===== DATA EXTRACTS

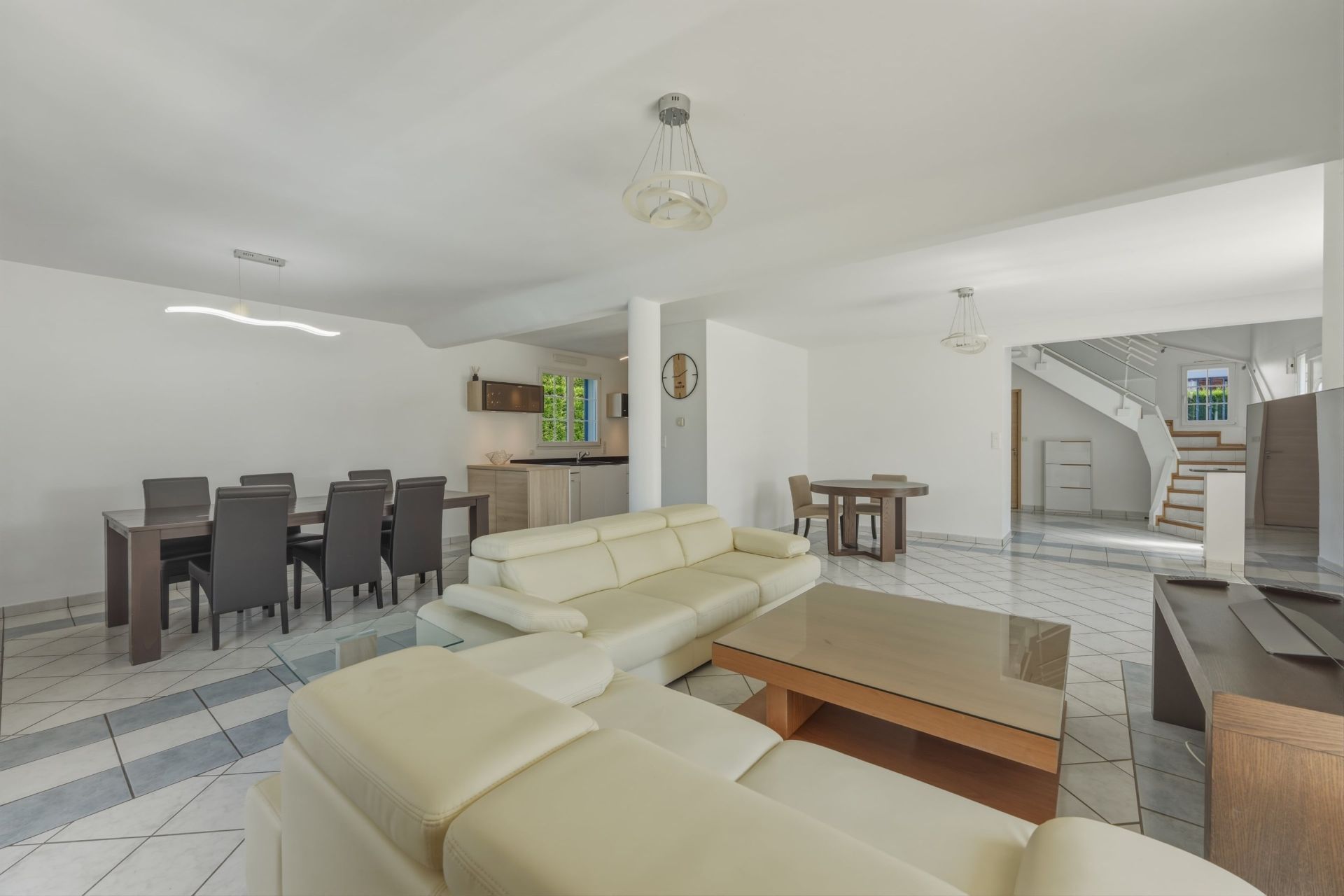 house 5 Rooms for sale on ST GENIS POUILLY (01630)
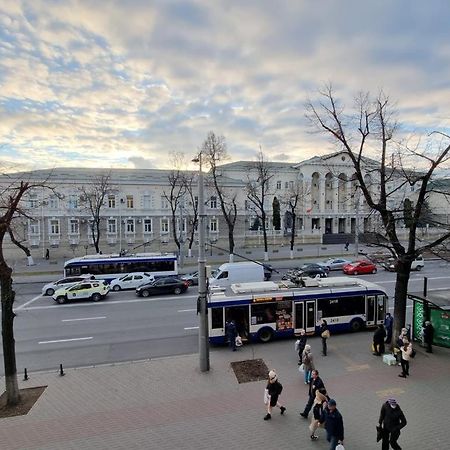 White New Apartments Ultracentral 2-Rooms In The Heart Chişinau Exteriör bild
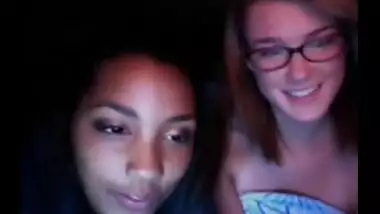 2 Teens Flash Their Tits And Masturbate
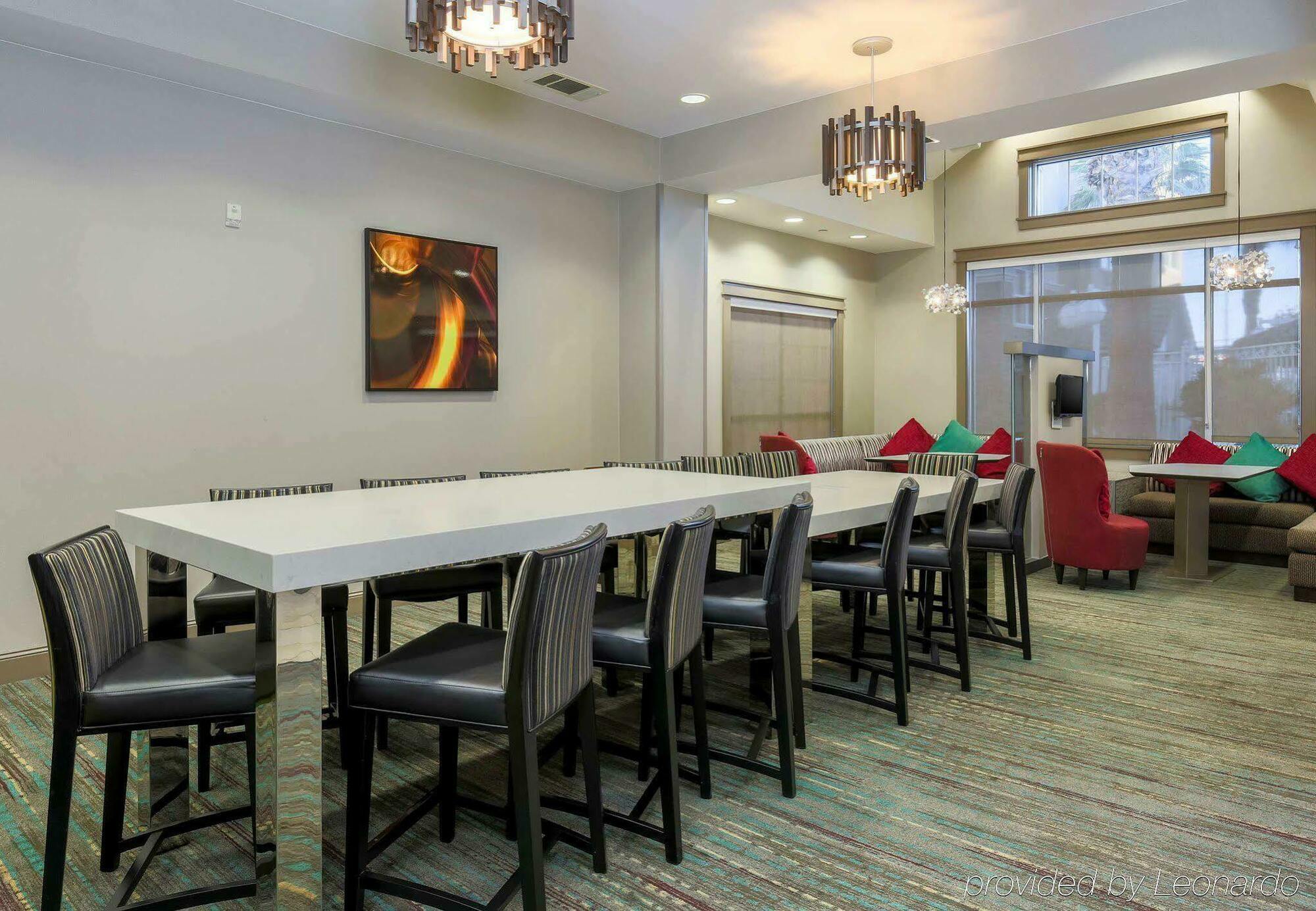 Hotel By Marriott Stadium Area 3*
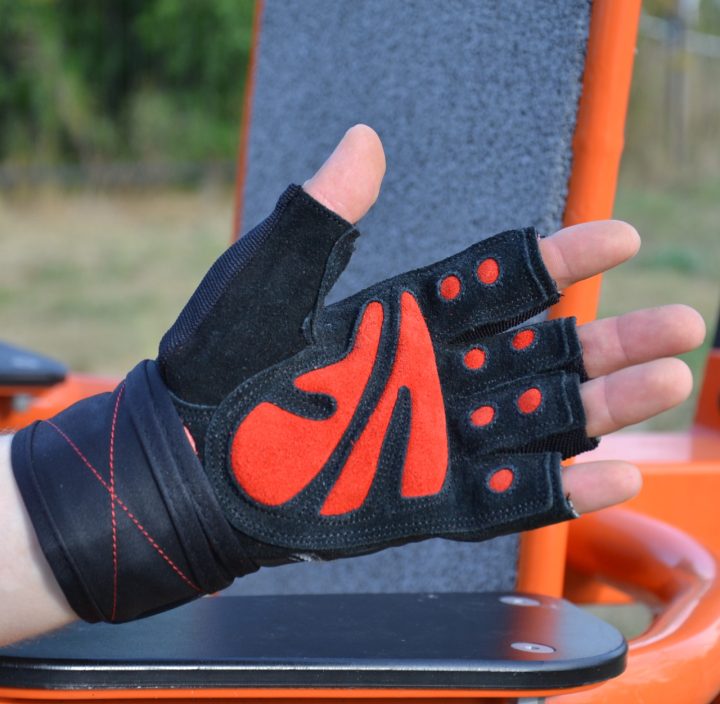 Рукавички для фітнесу MadMax MFG-568 Extreme 2nd edition Black/Red XXL - Зображення 3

==========

Return all the records exactly. Skip the pictures.

* **RESPONSE TO THE EXERCISE**:
 house 5 Rooms for sale on ST GENIS POUILLY (01630)
 White New Apartments Ultracentral 2-Rooms In The Heart Chişinau Exteriör bild
 2 Teens Flash Their Tits And Masturbate
 Hotel By Marriott Stadium Area 3*
 Рукавички для фітнесу MadMax MFG-568 Extreme 2nd edition Black/Red XXL - Зображення 3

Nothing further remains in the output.